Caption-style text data
= Beginning of Section =

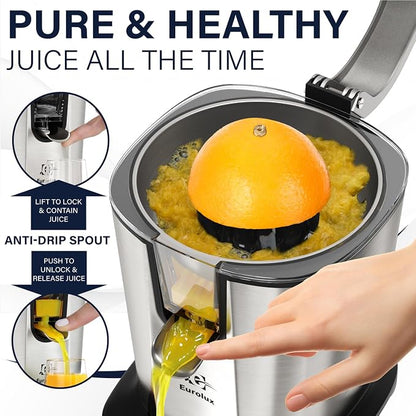 Eurolux Power-Pro Premium Electric Citrus Juicer - With 300 Watts of Power, The Most Powerful Juicer, For An Easy Smooth Juicing Experience | New Updated Design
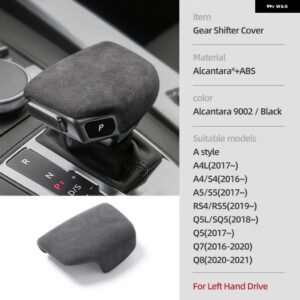 アウディ アルカンターラ ギアシフト ノブカバー A4 B9 B8 B7 A4L A6 A7 Q5 SQ5 Q7 Q8 インテリア フレームトリム ステッカー カー - Style A Black LHD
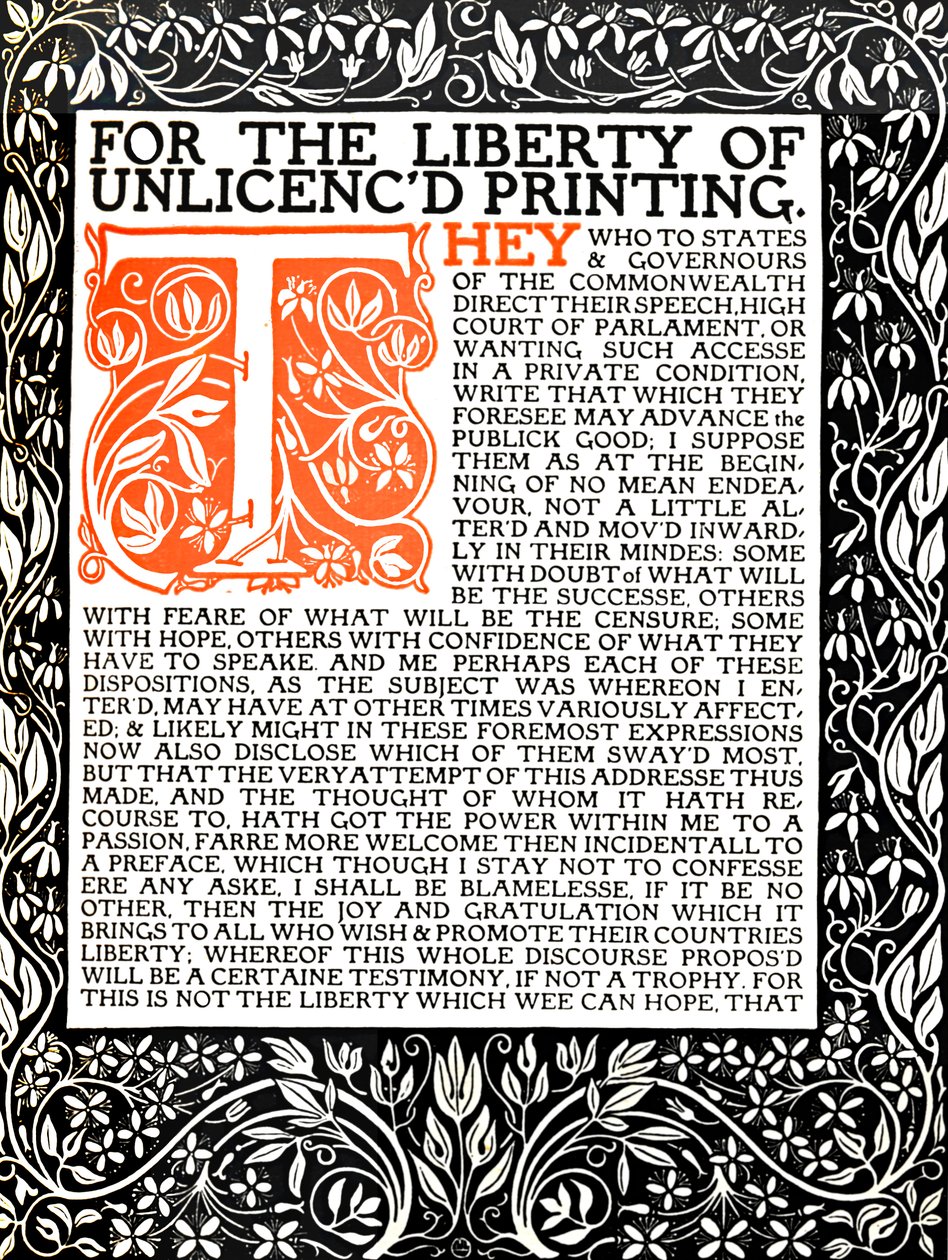 Eragny Press: Openingspagina van de Areopagitica, ca. 1895-1914 door Lucien Pissaro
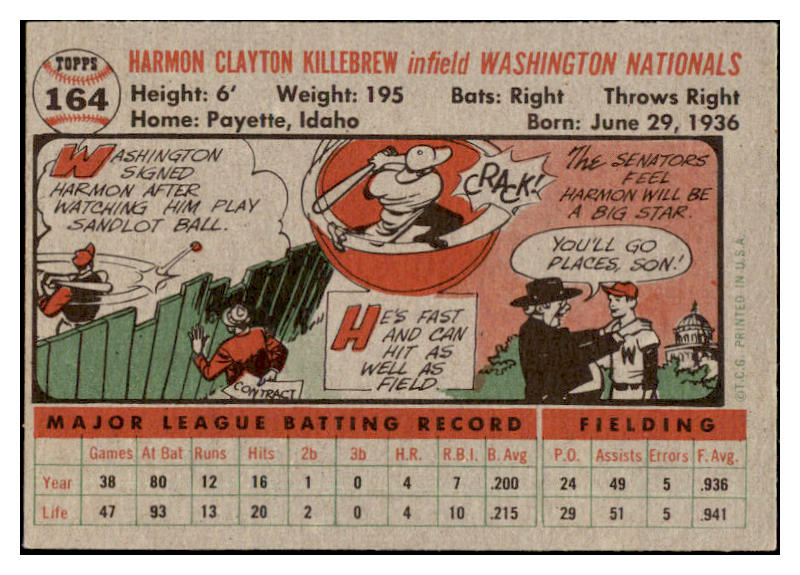 1956 Topps Baseball #164 Harmon Killebrew Senators EX-MT Gray 529283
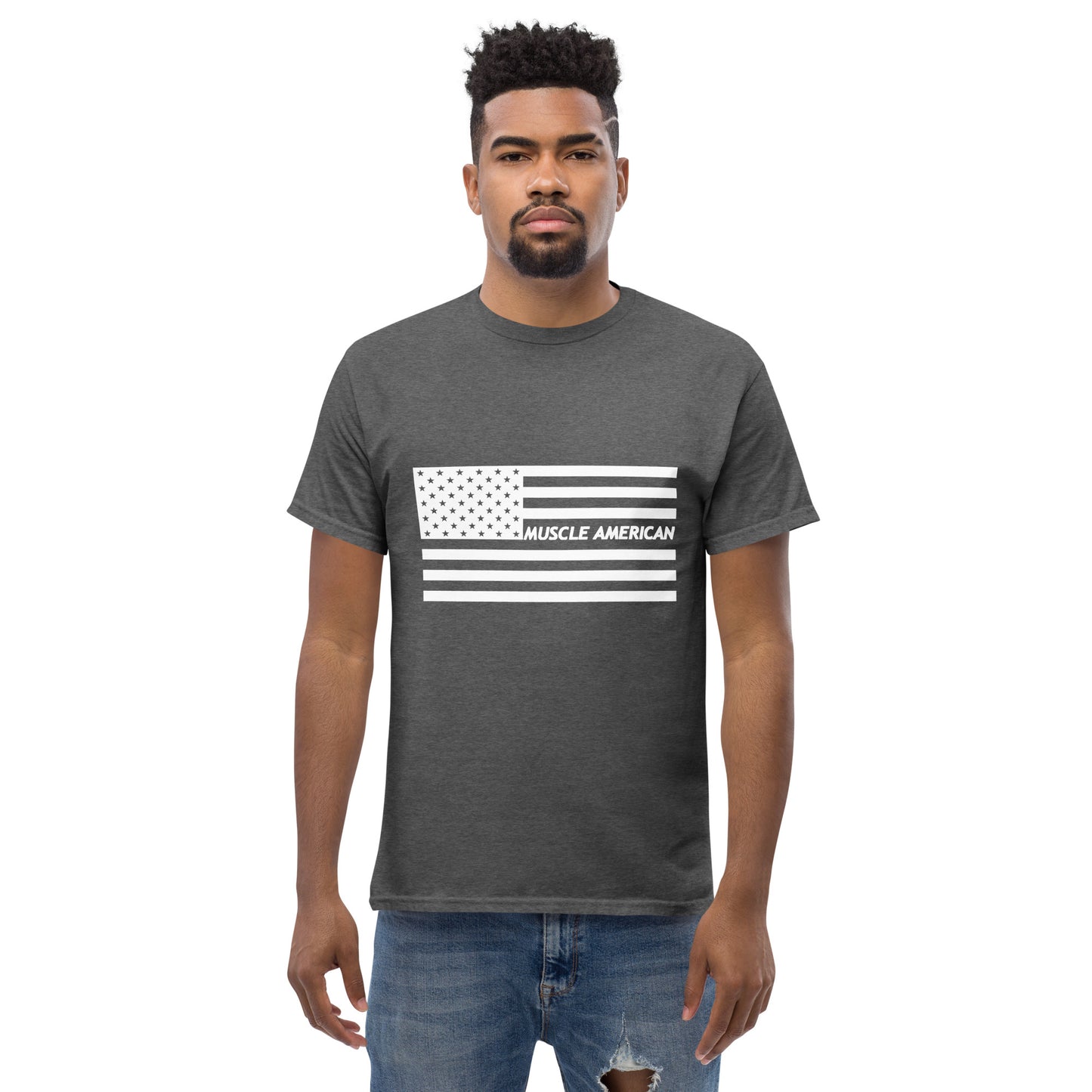 Men's Classic Tee - White American Flag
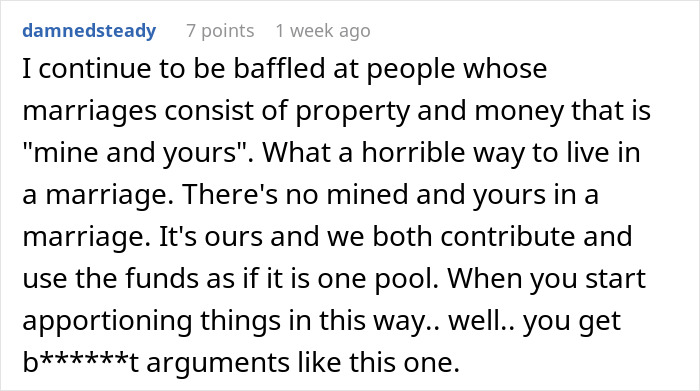 Reddit comment questioning shared finances in marriage, discussing car bills and joint contributions. Reddit comment questioning shared finances in marriage, discussing car bills and joint contributions.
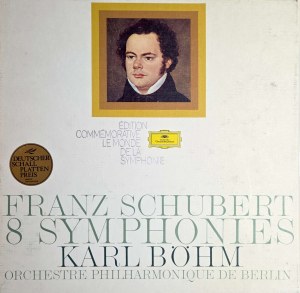 Franz Schubert, 8 symphonies, conducted by Karl Bohm, performed by the Berlin Philharmonic, Deutsche Grammophon (5 x vinyl)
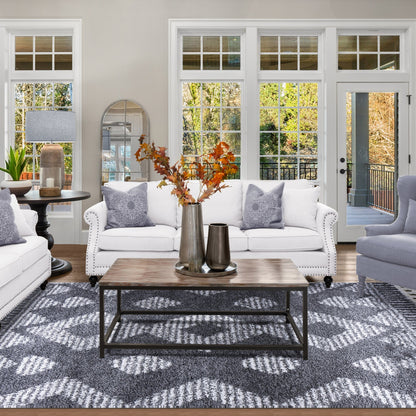 Superior Bohemian Geometric Indoor Plush Shag Area Rug with Tassels - Cream-Black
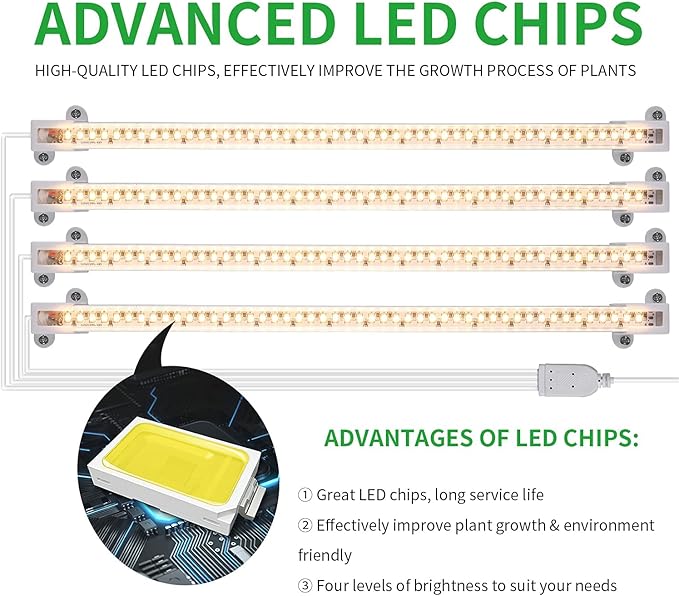 RWNTAO LED Plant Growing lamp, 3500K Full Spectrum Grow Light Strips for Indoor Plants with 3/9/12H Timer & 10 Dimmable Levels, Led Growth Light for Green House Hydroponics Succulent 13In 4Head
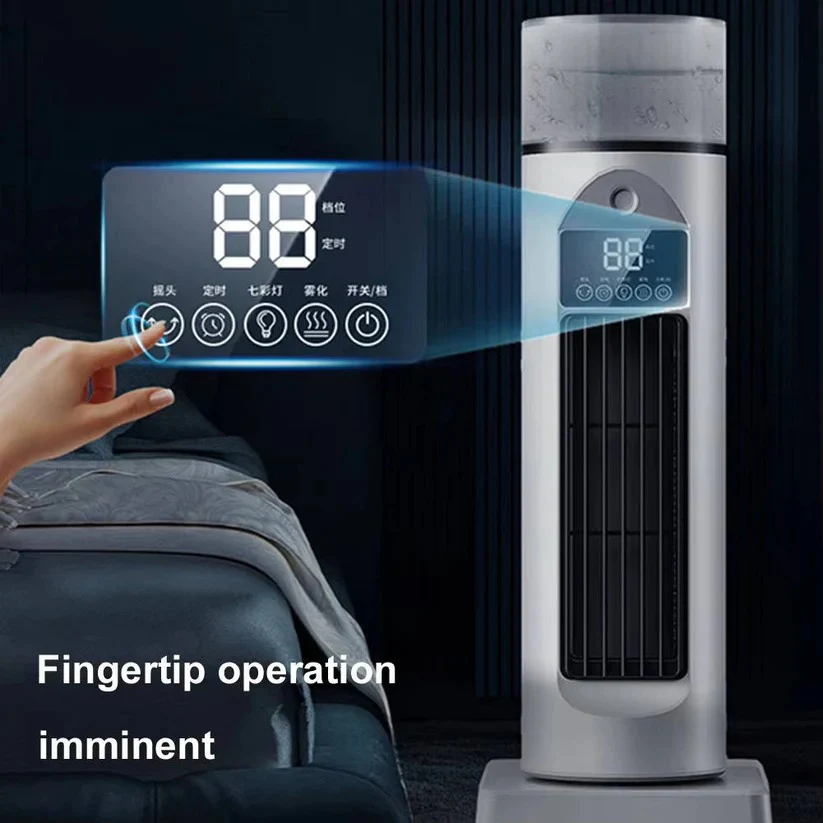 Bladeless Portable Air Cooler Tower Fan with Water Tank and Smart Remote, 6 Speed Settings - Image 3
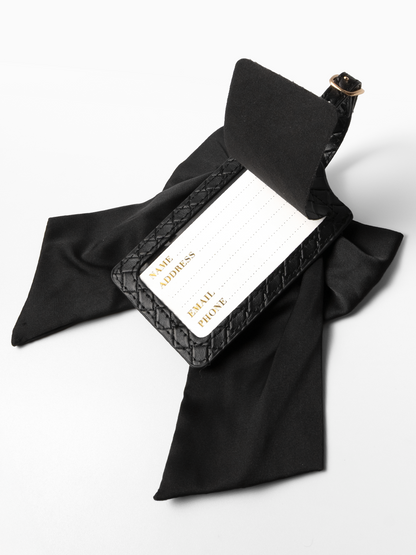 Bow Luggage Tag - Black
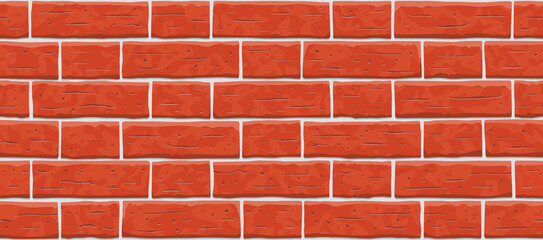 Brick red wall pattern seamless background. Vector pattern illustration. Texture of red, orange, brown cartoon brick wall. Fence horizontal old seamless brick texture background.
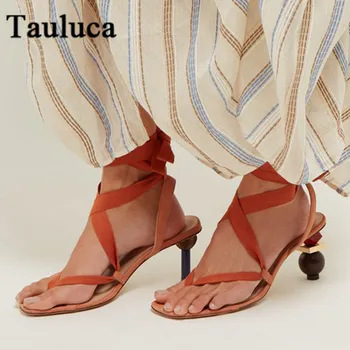 

Women Summer Shoes Suede High Heel Sandals Roman Thong Cross Straps Bow Sandals Open Toe Square Head Ladies Strange Heels Sandal
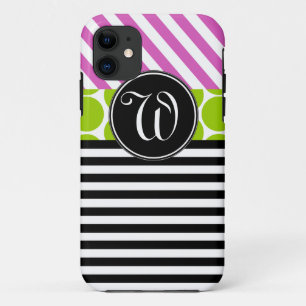 GIRLY PINK GREEN BLACK STRIPES iPHONE 5 CASE
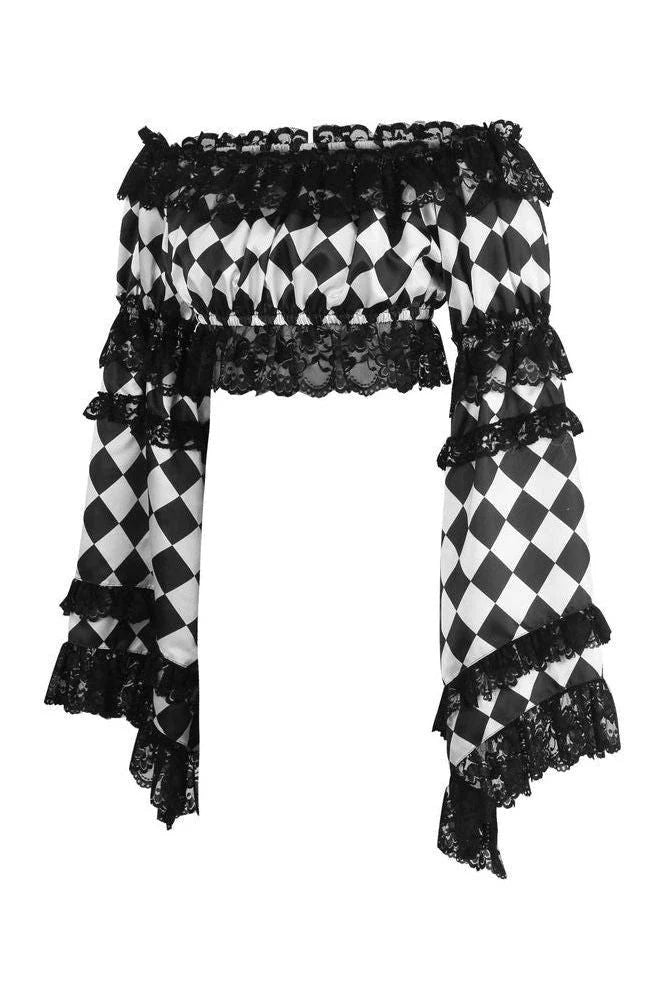 Harlequin Satin Flare Sleeve Peasant Top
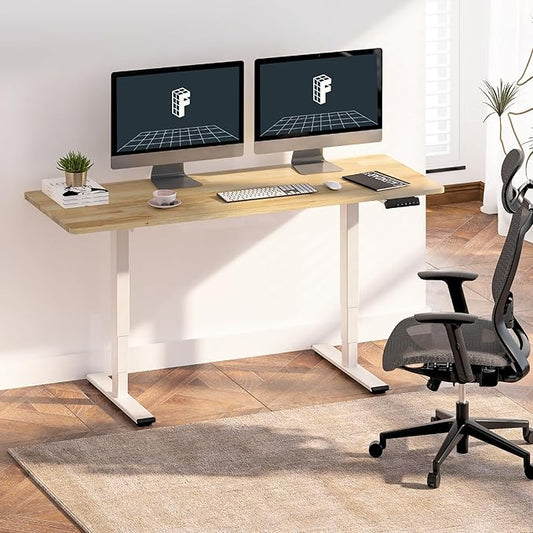 FlexiSpot E6 Solid Wood 3-Stage Dual Motor 55 x 24 Electric Standing Desk, Holds 220 lbs, Adjustable Height w/ Memory Presets, Butcher Block Rubberwood Desktop & White Frame, Ships in 2 Boxes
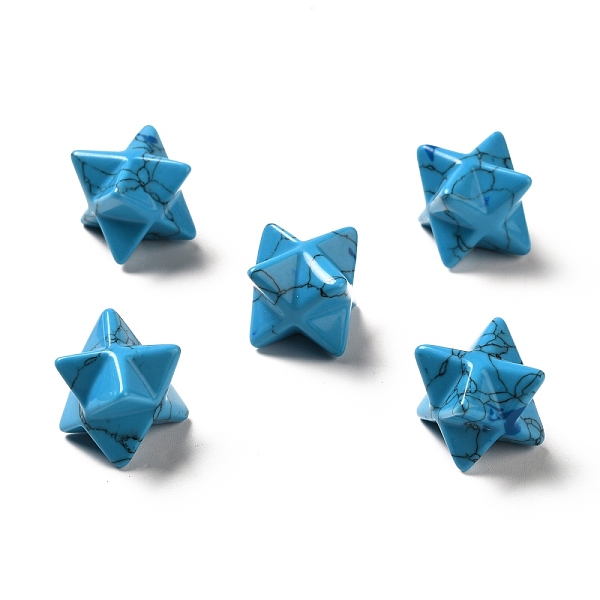 

PandaHall Synthetic Turquoise Beads, No Hole/Undrilled, Merkaba Star, 14.5~15x14.5~15x14.5~15mm Synthetic Turquoise Star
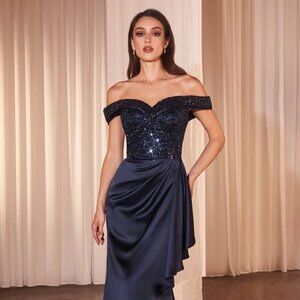 NEW FORMAL SHEATH OFF THE SHOULDER SATIN DRESS W/ SEQUINS EMBROIDERY CD CR877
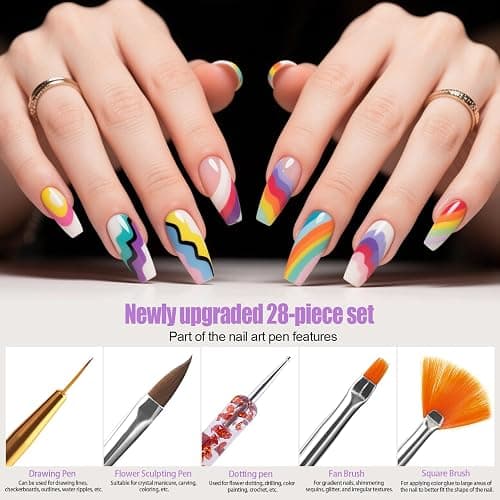 Artdone 38Pcs Nail Striping Tape Lines Kit With Nail Art Pens Dotting Tools And Liner Brushes For Gel Polish Small Detail Drawing Design Paint thumbnail 4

= End of Section =

Set down all entries above again, exactly, without images.

 Eurolux Power-Pro Premium Electric Citrus Juicer - With 300 Watts of Power, The Most Powerful Juicer, For An Easy Smooth Juicing Experience | New Updated Design
 アウディ アルカンターラ ギアシフト ノブカバー A4 B9 B8 B7 A4L A6 A7 Q5 SQ5 Q7 Q8 インテリア フレームトリム ステッカー カー - Style A Black LHD
 Eragny Press: Openingspagina van de Areopagitica, ca. 1895-1914 door Lucien Pissaro
 1956 Topps Baseball #164 Harmon Killebrew Senators EX-MT Gray 529283
 Men's Classic Tee - White American Flag
 Reddit comment questioning shared finances in marriage, discussing car bills and joint contributions. Reddit comment questioning shared finances in marriage, discussing car bills and joint contributions.
 Franz Schubert, 8 symphonies, conducted by Karl Bohm, performed by the Berlin Philharmonic, Deutsche Grammophon (5 x vinyl)
 Superior Bohemian Geometric Indoor Plush Shag Area Rug with Tassels - Cream-Black
 RWNTAO LED Plant Growing lamp, 3500K Full Spectrum Grow Light Strips for Indoor Plants with 3/9/12H Timer & 10 Dimmable Levels, Led Growth Light for Green House Hydroponics Succulent 13In 4Head
 Bladeless Portable Air Cooler Tower Fan with Water Tank and Smart Remote, 6 Speed Settings - Image 3
 Bow Luggage Tag - Black
 Brick red wall pattern seamless background. Vector pattern illustration. Texture of red, orange, brown cartoon brick wall. Fence horizontal old seamless brick texture background.

Women Summer Shoes Suede High Heel Sandals Roman Thong Cross Straps Bow Sandals Open Toe Square Head Ladies Strange Heels Sandal
 GIRLY PINK GREEN BLACK STRIPES iPHONE 5 CASE
 Harlequin Satin Flare Sleeve Peasant Top
 FlexiSpot E6 Solid Wood 3-Stage Dual Motor 55 x 24 Electric Standing Desk, Holds 220 lbs, Adjustable Height w/ Memory Presets, Butcher Block Rubberwood Desktop & White Frame, Ships in 2 Boxes

PandaHall Synthetic Turquoise Beads, No Hole/Undrilled, Merkaba Star, 14.5~15x14.5~15x14.5~15mm Synthetic Turquoise Star
 NEW FORMAL SHEATH OFF THE SHOULDER SATIN DRESS W/ SEQUINS EMBROIDERY CD CR877
 Artdone 38Pcs Nail Striping Tape Lines Kit With Nail Art Pens Dotting Tools And Liner Brushes For Gel Polish Small Detail Drawing Design Paint thumbnail 4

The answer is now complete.